On Oct 9, 2017 09:49, "Mike Drob" <[email protected]> wrote:

Addressing your individual suggestions inline.

Another one that you missed (more long term) is splitting up the server
module into smaller modules. We have some work on this already (backup,
mapreduce) but it's a long way to go...


That's fair. My unstated prerequisite is that I want something we can
implement like this week. ;)




On Mon, Oct 9, 2017 at 9:38 AM, Sean Busbey <[email protected]> wrote:

> Hi folks!
>
> Lately our precommit runs have had a large amount of noise around unit
> test failures due to timeout, especially for the hbase-server module.
>
> I'd really like to get us back to a place where a precommit -1 doesn't
> just result in a reflexive "precommit is unreliable."
>
> When the hbase-server module is going to be run (which would include
> changes to that module and changes to the top-level of the project), I
> can think of a few ways to bring the noise down:
>
> * Do fewer parallel executions. We do 5 tests at once now and the
> hbase-server module takes ~1.5 hours. We could tune down just the
> hbase-server module to do fewer.
>

1.5 hours is already past the threshold where I have to go do something
else while I wait for the tests to finish. Putting this up to 3 hours
wouldn't affect my productivity, I don't think.

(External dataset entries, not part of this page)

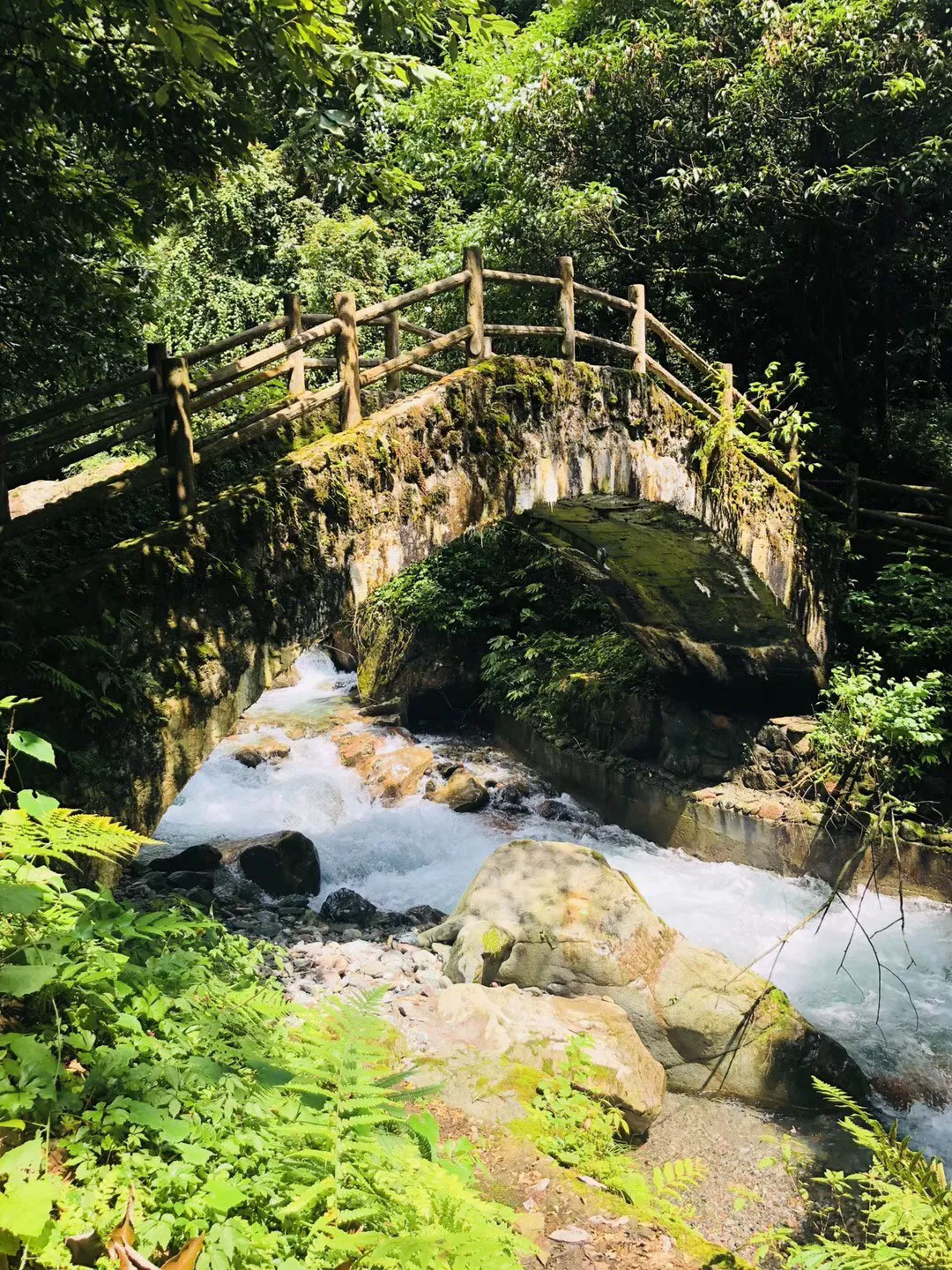 高级定制
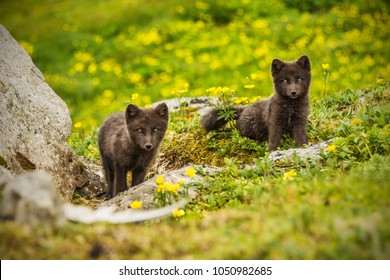 Young Arctic Fox Puppies Hornstrandir Iceland Stock Photo (Edit Now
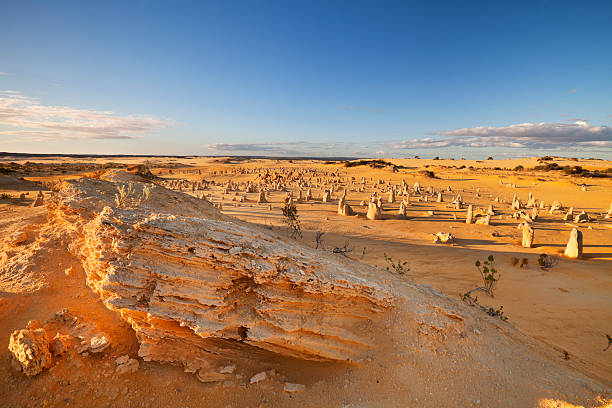 Discover the Majestic Pinnacles Desert in Western Australia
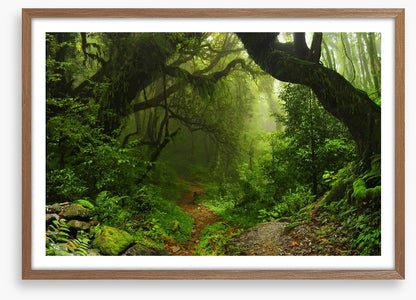 Amazon jungle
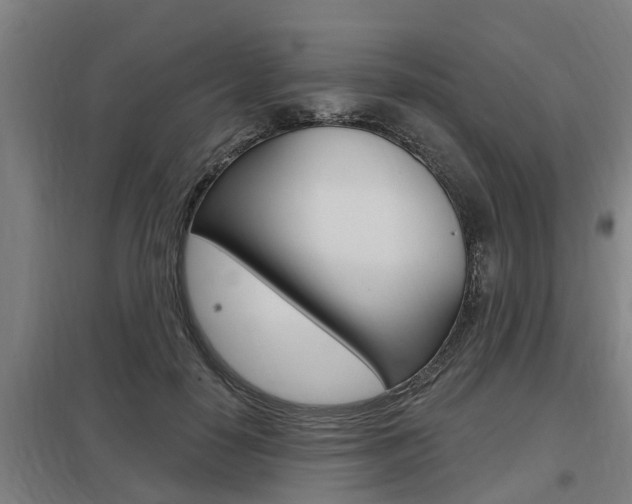 X0000098030650200803280732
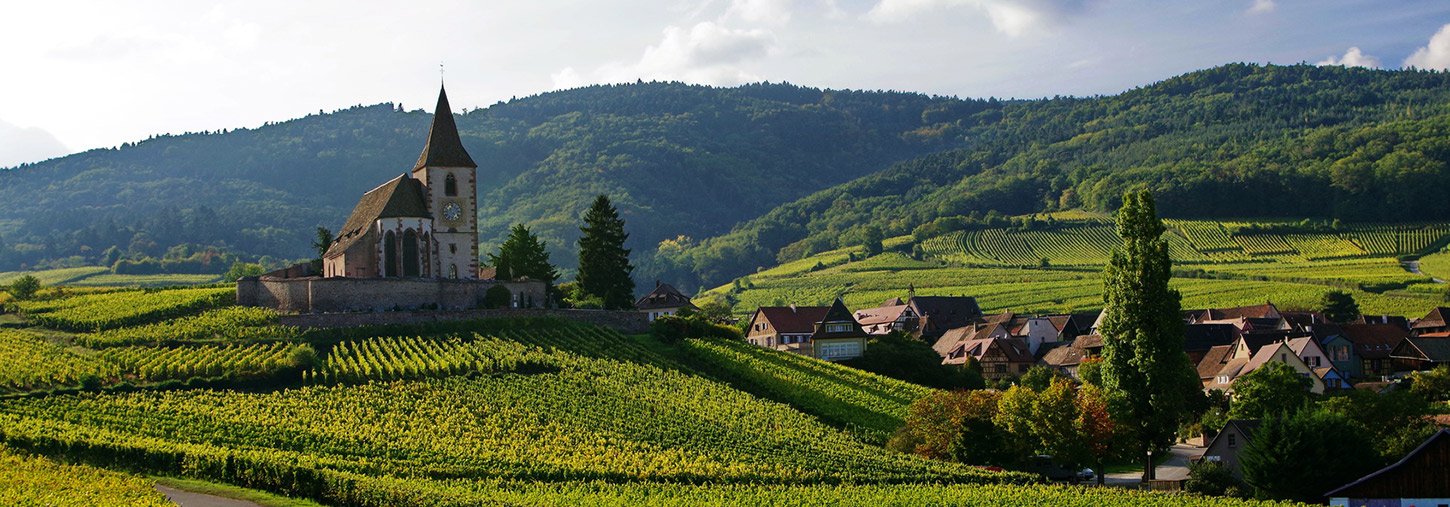 Vignoble Alsacien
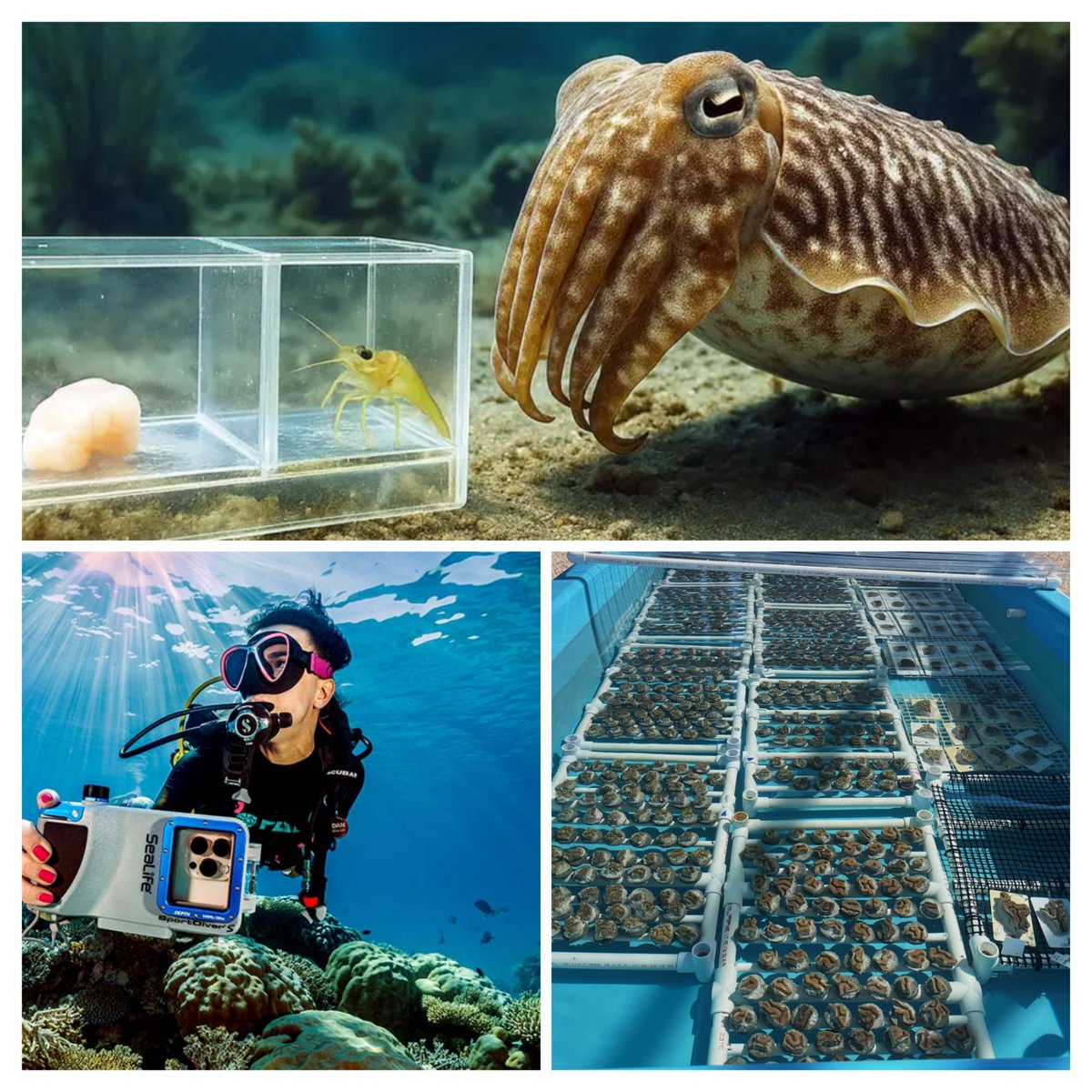Scuba_Directory's tweet image. 🌊 June Newsletter is here!

✅Color Correction for Dive Videos &amp;amp; Photos
✅SeaLife’s New Smartphone Housing
✅Cuttlefish Pass Intelligence Test

🔗Sign up here: thescubadirectory.com/about/newslett…
 
#DiveNews #OceanExploration #paditv #ScubaDivingMag #PADI #scubadivelife #scubadive #scuba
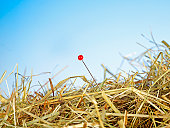 View of a needle in a haystack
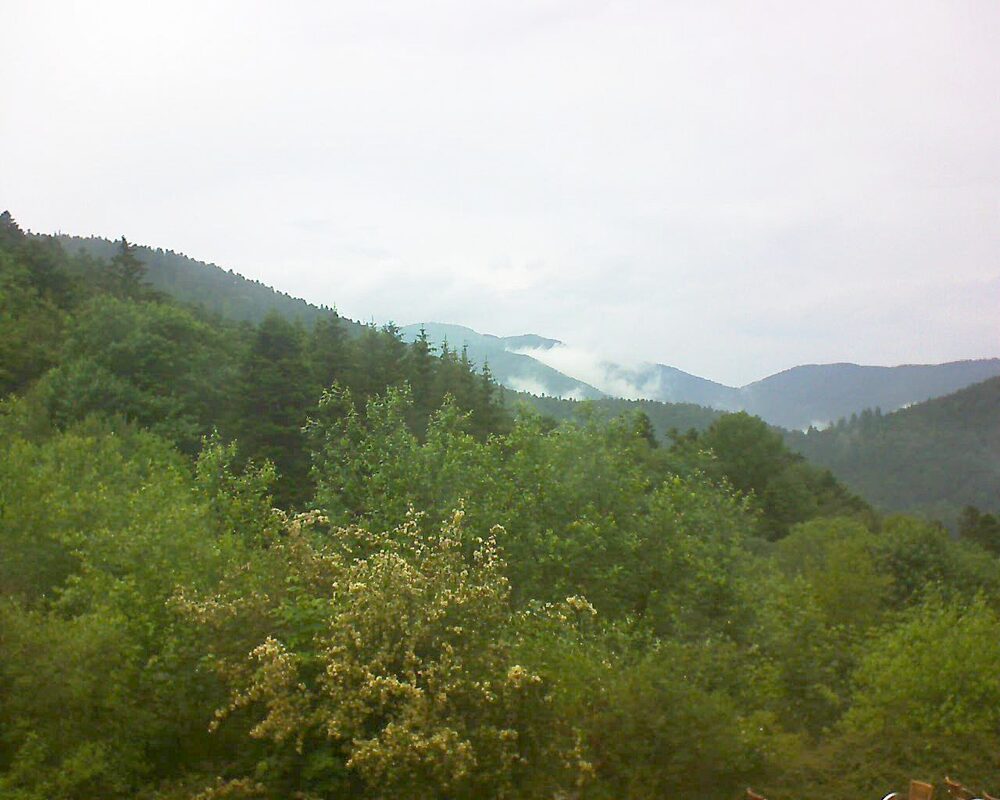 Le petit ballon vu depuis le Domaine Langmatt à Murbach le 08.06.2024 à 14:15 Le petit ballon (Alsace, Vosges) le 08.06.2024 à 14:15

That's both good and sad to hear. I think anything that brings the time
down is going to have to involve more hardware.




> * Do more test re-runs. We could have tests that fail retry more. I
> think maybe we allow a single retry currently via surefire. We'd have
> to do it outside of surefire to account for the large number of
> time-out failures.
>

I like the idea of more retries, but I don't like going outside of
surefire. I don't want us maintaining more custom hacks and shims in place
for something that should be temporary - once we get the tests stabilized
we shouldn't need it, right?



I don't think this is true. Even if our current problems aren't just "need
more hardware", historically that's been where we hit bedrock. So long as
we don't have a source of steadily increasing hardware either our test time
or our test stability has to pay the difference.

Unless there are surefire configs for retrying on timeout. If there are
those, then maybe a shorter timeout and more retries get us what we need at
our current amount of parallel test runs.